New York state’s financial regulator announced a settlement deal Monday with the consulting firm PricewaterhouseCoopers, capping an investigation into the firm’s cozy ties with one of the world’s biggest banks.

The regulator, Benjamin Lawsky, extracted a $25 million fine from PricewaterhouseCoopers. Under the deal, first reported by The New York Times on Sunday, Lawsky will also bar the firm’s regulatory consulting unit from performing certain assignments on behalf of New York-regulated banks for two years.

The settlement stems from the consulting firm’s work for Bank of Tokyo-Mitsubishi UFJ, the giant Japanese bank. In 2007, as the bank was facing regulatory scrutiny for doing business with countries blacklisted by the United States, it hired PricewaterhouseCoopers to conduct a review of transactions with Iran and other sanctioned countries, including some transfers routed through its New York branch.

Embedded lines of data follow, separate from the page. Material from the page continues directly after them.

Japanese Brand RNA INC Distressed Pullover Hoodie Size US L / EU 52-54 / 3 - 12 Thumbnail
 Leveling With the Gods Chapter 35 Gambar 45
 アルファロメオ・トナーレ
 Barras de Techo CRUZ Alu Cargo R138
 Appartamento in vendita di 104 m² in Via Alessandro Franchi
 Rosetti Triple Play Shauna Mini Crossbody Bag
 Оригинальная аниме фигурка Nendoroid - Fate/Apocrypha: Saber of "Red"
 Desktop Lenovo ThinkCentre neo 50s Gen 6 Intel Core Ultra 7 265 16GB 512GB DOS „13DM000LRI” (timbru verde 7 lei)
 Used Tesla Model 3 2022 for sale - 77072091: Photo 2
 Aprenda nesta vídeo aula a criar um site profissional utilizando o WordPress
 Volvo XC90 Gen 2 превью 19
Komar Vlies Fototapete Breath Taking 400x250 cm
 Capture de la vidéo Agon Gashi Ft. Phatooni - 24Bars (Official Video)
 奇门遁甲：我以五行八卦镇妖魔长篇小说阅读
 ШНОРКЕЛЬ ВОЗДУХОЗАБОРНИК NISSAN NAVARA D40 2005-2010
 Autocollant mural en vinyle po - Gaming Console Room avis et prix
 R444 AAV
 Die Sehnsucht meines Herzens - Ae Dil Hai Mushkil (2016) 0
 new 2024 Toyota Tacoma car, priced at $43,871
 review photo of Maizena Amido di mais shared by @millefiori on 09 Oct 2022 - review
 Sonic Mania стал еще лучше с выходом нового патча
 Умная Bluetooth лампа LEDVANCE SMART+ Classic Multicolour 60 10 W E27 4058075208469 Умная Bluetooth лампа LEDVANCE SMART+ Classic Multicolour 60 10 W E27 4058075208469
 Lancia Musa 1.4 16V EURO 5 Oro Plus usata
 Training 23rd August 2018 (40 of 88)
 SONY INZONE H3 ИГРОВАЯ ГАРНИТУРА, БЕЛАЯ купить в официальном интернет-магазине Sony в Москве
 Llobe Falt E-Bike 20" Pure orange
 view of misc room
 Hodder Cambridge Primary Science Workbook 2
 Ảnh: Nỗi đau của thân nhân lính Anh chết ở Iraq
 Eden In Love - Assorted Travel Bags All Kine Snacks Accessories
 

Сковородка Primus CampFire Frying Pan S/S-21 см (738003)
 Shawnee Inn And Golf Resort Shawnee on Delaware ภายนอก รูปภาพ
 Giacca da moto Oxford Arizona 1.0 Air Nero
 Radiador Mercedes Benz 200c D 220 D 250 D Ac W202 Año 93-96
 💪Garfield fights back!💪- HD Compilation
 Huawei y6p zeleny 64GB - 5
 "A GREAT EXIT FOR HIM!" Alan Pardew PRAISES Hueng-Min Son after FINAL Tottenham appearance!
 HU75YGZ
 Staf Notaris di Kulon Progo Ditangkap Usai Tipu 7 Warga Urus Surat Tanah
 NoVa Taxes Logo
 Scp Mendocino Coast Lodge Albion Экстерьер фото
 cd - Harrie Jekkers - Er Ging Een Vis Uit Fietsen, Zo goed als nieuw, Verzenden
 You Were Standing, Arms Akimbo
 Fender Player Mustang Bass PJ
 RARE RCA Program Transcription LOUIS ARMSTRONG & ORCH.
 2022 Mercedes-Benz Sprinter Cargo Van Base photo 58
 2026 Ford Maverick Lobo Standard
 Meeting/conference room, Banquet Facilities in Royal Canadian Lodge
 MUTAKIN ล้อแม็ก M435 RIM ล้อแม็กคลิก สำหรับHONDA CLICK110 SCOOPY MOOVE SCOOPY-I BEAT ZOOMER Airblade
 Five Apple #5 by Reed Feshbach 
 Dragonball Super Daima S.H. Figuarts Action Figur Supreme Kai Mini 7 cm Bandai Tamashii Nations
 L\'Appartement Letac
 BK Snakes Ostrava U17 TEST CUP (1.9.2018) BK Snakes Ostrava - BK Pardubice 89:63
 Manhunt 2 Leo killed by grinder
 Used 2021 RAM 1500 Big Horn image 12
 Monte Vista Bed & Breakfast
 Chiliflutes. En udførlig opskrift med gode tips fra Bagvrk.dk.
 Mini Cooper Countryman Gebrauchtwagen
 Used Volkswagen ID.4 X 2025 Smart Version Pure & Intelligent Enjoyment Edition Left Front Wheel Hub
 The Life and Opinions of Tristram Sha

The firm, which eventually submitted a report to regulators detailing the illicit transactions, claimed its work was objective and impartial.

But in the settlement, Lawsky accused the firm of “improperly altering” the report.

In an initial draft of the report, PricewaterhouseCoopers included paragraphs from a bank manual outlining “special instructions” employees should follow to ensure that transactions with Iran and other countries sanctioned by the U.S. did not draw attention. But under pressure from the bank, the consulting firm deleted those paragraphs in the version of the report sent to regulators.

The firm also deleted - or watered down - a number of other important issues.

The firm was not accused of a legal violation. Lawsky, who took a similar action against Deloitte last year, accused the firm of failing to demonstrate the objectivity and integrity expected of bank consultants.

The case is part of a broader examination of conflicts of interest that plague the consulting industry. The consultants are handpicked and paid by the banks they are supposed to examine.

“We are continuing to find examples of improper influence and misconduct in the bank consulting industry,” Lawsky said in a statement. “As a regulatory community, it may well be advisable for us to take a hard look in the mirror and ask whether we are doing enough to root out and investigate this troubling web of conflicts. When bank executives pressure a consultant to whitewash a supposedly ‘objective’ report to regulators – and the consultant goes along with it – that can strike at the very heart of our system of prudential oversight.”